In her book The Path of Loneliness, Elisabeth Elliot tells of those early struggles to get up in the morning and go through the day without Jim at her side. Jim had been martyred for Christ in 1956 seeking to reach the Waorani people of Ecuador with the gospel. Adjusting to that loss and carrying that pain, Elisabeth had to learn simply to put one foot in front of the other in her daily walk of faith. She writes, “While I understood that in so great a loss God surely must have some great gain in mind, I was not nearly saintly enough always to see the little needling trials of the day as my ‘marching orders,’ the very process itself through which God’s great gain would be realized. I was to march, not to leap and bound. It was left, right, left, right.”
Elisabeth Elliot’s journey through pain and loss was a step-by-step process of submission, trust, and perseverance. She had to keep walking by faith. She had to keep marching forward each day, even when doubt and discouragement stood in her way. It was a matter of left, right, left. There was no leaping and bounding beyond the trial of Jim’s early death—just dogged steps of obedience through it.
The Christian life is a “left, right, left, right” proposition. God calls us in Christ to a daily walk of submission, trust, and perseverance. In his letter to the Ephesians, Paul reminds them that having once walked in sin and death (Eph. 2:1–3, 11–13, 19; 4:17–22), they must now walk worthy of their calling (4:1), according to the new self (4:23–32), in love (5:1–2), as children of light (5:3–14), with wisdom (5:15–16).
Paul’s choice of the metaphor of walking for daily Christian living is a good one. The word “walk” is not merely a synonym for “life.” Rather, it highlights the decisive and deliberate, step-by-step character of our daily choices. The Christian has a distinctive walk, one that is marked by a thought-through pattern. The Christian marches through each day—left, right, left, right—believing his steps are ordered by the Lord (Psa. 37:23–24), seeking to establish his footsteps in God’s Word (Psa. 119:133), and desiring to keep in step with the Spirit so that he might enjoy the Spirit’s counsel, companionship, and comfort (Gal. 5:16). The Christian life is a daily walk made up of moment-by-moment steps that require reflection, resolution, and repetition.

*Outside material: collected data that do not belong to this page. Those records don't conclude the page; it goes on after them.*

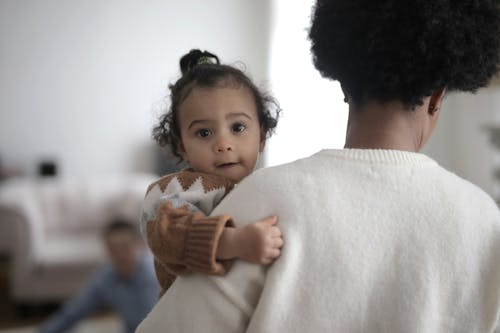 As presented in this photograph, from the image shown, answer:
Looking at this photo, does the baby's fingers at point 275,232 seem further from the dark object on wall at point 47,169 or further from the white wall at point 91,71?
the dark object on wall at point 47,169

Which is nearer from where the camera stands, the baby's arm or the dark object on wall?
the baby's arm

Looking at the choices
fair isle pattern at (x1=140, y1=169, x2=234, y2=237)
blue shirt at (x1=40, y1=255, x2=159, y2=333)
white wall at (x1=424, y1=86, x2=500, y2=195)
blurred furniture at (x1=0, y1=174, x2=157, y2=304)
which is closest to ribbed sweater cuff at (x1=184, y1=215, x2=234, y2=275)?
fair isle pattern at (x1=140, y1=169, x2=234, y2=237)

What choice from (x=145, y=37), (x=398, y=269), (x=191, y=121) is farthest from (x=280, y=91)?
(x=398, y=269)

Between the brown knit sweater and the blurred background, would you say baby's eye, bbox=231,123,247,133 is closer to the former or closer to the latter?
the brown knit sweater

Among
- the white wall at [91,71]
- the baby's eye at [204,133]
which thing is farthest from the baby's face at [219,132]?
the white wall at [91,71]

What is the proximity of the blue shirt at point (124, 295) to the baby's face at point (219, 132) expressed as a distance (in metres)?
1.64

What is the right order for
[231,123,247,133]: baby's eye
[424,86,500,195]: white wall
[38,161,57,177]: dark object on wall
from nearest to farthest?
[231,123,247,133]: baby's eye < [424,86,500,195]: white wall < [38,161,57,177]: dark object on wall

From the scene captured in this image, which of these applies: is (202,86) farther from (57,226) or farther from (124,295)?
(57,226)

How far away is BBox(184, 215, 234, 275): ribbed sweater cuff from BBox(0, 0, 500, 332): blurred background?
3233 mm

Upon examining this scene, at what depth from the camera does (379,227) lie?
63cm

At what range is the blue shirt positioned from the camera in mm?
2395

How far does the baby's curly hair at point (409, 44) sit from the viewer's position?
0.64 meters

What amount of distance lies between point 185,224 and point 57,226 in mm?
3535

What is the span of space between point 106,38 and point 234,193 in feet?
15.7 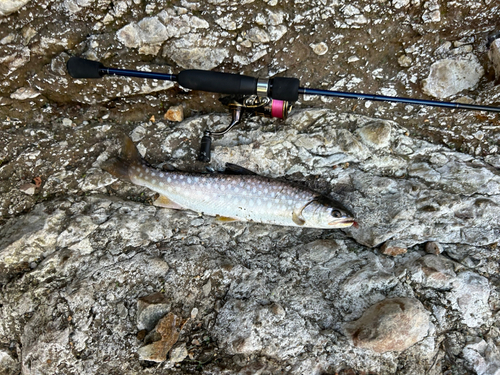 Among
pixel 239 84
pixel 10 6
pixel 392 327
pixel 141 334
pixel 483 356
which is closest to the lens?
pixel 392 327

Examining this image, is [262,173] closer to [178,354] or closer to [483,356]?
[178,354]

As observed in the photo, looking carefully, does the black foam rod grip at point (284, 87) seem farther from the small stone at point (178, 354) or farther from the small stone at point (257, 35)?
the small stone at point (178, 354)

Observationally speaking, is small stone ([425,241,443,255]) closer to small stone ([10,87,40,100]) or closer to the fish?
the fish

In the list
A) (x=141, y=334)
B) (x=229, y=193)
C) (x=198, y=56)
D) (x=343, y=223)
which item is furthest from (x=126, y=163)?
(x=343, y=223)

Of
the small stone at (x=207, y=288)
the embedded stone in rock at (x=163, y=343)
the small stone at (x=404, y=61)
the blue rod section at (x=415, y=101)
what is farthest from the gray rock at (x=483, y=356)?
the small stone at (x=404, y=61)

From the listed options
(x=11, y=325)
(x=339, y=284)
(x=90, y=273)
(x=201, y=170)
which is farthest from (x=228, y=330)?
(x=11, y=325)

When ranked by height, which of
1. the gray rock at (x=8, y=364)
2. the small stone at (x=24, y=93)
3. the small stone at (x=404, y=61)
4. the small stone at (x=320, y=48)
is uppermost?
the small stone at (x=320, y=48)

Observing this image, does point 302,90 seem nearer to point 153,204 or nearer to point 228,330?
point 153,204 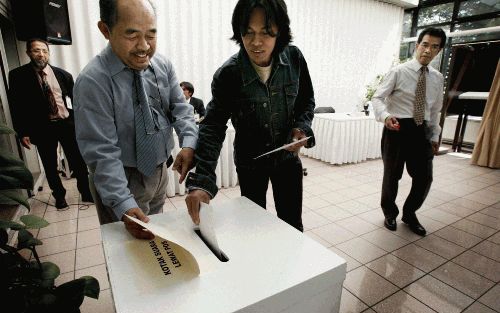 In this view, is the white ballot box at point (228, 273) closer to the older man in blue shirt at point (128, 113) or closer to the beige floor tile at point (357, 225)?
the older man in blue shirt at point (128, 113)

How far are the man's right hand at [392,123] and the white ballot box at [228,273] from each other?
1745mm

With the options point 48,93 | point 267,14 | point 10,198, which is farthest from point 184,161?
point 48,93

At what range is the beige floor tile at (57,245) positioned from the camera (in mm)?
2198

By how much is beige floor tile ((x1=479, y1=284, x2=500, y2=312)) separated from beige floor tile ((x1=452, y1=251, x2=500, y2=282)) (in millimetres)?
136

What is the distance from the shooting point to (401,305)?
65.9 inches

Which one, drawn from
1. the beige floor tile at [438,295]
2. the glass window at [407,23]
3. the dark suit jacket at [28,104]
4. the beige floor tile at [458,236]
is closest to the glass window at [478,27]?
the glass window at [407,23]

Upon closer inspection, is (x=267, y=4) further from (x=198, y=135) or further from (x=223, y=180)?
(x=223, y=180)

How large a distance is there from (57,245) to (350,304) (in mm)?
2188

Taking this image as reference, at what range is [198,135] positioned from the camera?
111 centimetres

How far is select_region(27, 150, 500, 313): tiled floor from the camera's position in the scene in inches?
68.5

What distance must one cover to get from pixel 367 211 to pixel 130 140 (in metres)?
2.61

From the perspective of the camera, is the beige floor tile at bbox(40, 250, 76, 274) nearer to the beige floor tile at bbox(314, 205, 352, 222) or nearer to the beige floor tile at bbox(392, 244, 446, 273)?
the beige floor tile at bbox(314, 205, 352, 222)

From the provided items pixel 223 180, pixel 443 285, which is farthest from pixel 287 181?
pixel 223 180

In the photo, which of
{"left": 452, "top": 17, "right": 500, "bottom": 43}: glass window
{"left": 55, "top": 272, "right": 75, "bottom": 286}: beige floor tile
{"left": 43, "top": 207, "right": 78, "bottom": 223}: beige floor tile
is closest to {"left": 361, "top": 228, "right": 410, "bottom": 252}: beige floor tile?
{"left": 55, "top": 272, "right": 75, "bottom": 286}: beige floor tile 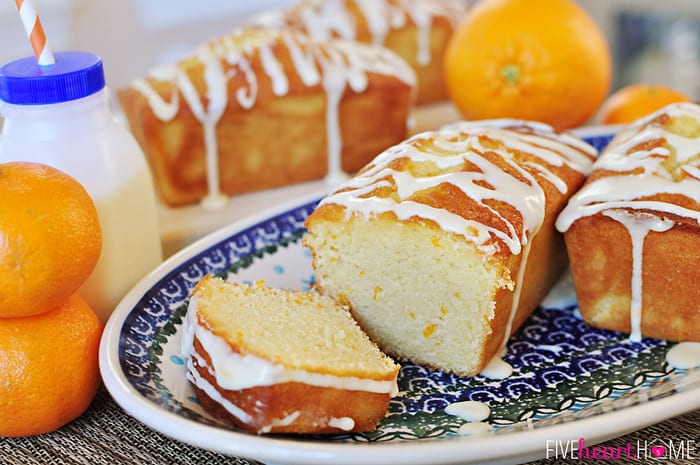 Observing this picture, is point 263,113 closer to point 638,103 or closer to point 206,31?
point 638,103

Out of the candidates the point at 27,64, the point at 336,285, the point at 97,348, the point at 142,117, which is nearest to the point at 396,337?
the point at 336,285

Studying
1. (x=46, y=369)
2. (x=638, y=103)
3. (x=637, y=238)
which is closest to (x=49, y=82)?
(x=46, y=369)

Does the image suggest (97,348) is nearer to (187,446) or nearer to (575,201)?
(187,446)

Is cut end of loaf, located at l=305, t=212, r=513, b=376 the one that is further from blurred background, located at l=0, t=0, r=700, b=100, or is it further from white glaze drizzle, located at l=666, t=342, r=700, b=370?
blurred background, located at l=0, t=0, r=700, b=100

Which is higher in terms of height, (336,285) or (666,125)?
(666,125)

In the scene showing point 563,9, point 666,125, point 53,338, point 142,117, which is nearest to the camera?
point 53,338

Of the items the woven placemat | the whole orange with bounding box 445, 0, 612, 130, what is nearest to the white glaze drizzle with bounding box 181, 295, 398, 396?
the woven placemat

While Isaiah 40:31 holds out the promise of flying and running, it also talks about walking. Sometimes that is all we can do. Warren Wiersbe notes, “Frankly, I think it is more difficult to keep on walking than it is to fly. Somehow during those crisis hours of life we turn to the Lord and find His power to help us soar above the problems. There is a special excitement and challenge about the emergencies of life; but what about the full daily routine of life? It is one thing to mount up with wings as the eagle, or to run and not be weary—but what about walking, walking, walking, day after day? . . . God has promised to give us the strength we need each day so that we can walk and not faint.”
Life can be pedestrian, but as we wait on the Lord, strength is given to keep walking—left, right, left, right!